> **Exercise aim**
The copy should begin at the line containing "people in a meeting" and end with the last line below, every line exact and no picture included.

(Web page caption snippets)

------------------------------

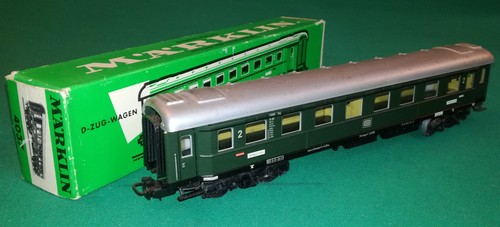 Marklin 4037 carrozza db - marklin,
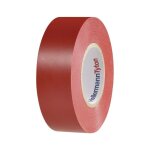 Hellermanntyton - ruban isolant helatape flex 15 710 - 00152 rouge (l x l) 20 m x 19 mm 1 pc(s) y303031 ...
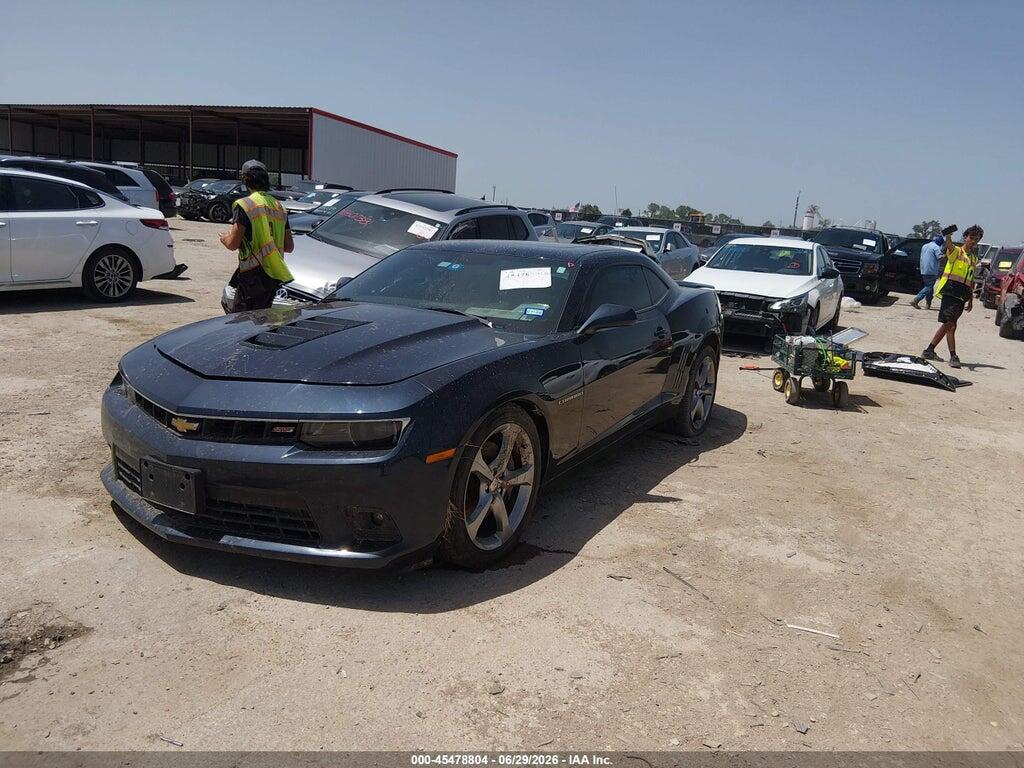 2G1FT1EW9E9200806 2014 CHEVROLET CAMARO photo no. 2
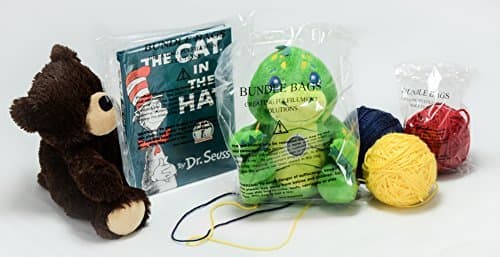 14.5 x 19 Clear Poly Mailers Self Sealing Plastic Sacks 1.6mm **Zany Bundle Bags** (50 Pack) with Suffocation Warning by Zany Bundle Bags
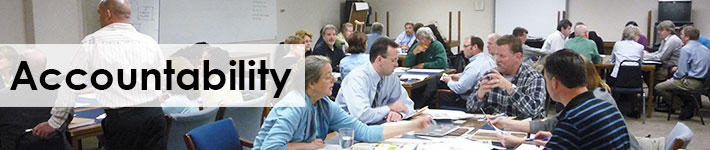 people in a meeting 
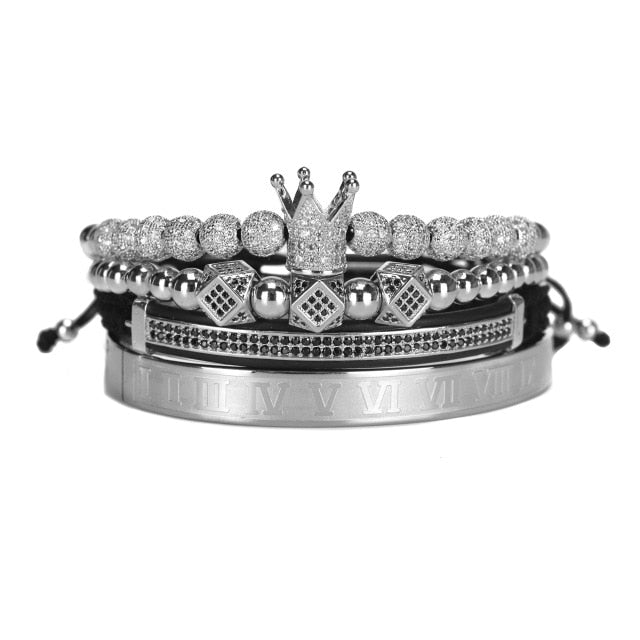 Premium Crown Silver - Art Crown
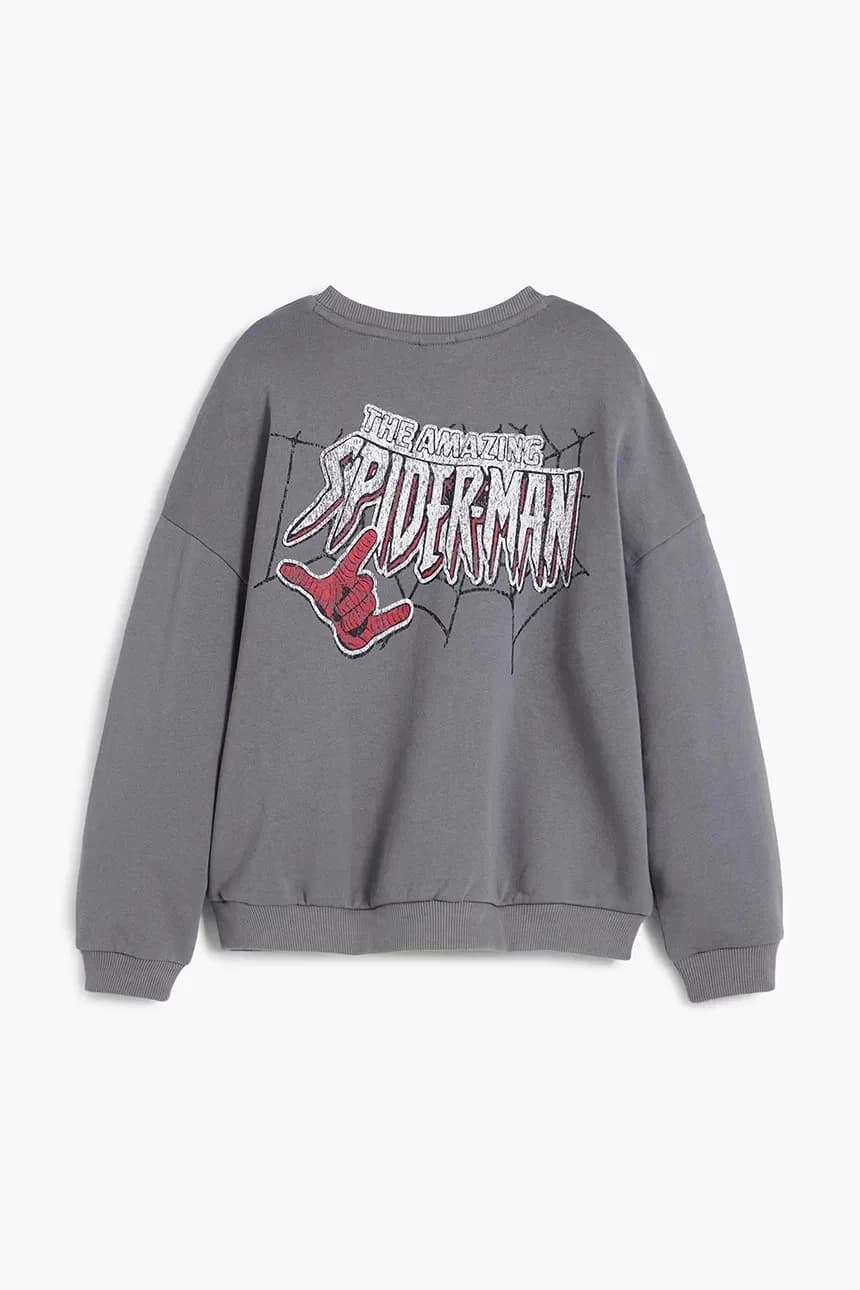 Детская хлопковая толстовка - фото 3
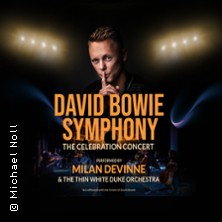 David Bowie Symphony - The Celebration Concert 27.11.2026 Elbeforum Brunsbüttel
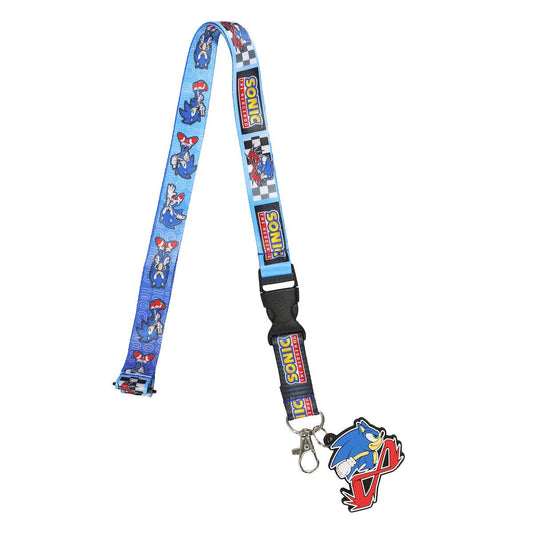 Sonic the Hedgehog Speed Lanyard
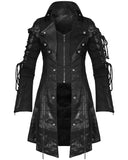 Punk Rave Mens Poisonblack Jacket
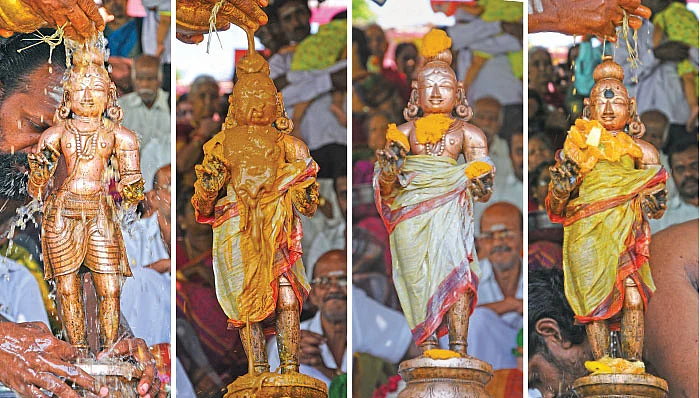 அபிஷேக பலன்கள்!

------------------------------

> **Answer to this exercise**
 people in a meeting 
 Premium Crown Silver - Art Crown
 Детская хлопковая толстовка - фото 3
 David Bowie Symphony - The Celebration Concert 27.11.2026 Elbeforum Brunsbüttel
 Sonic the Hedgehog Speed Lanyard
 Punk Rave Mens Poisonblack Jacket
 அபிஷேக பலன்கள்!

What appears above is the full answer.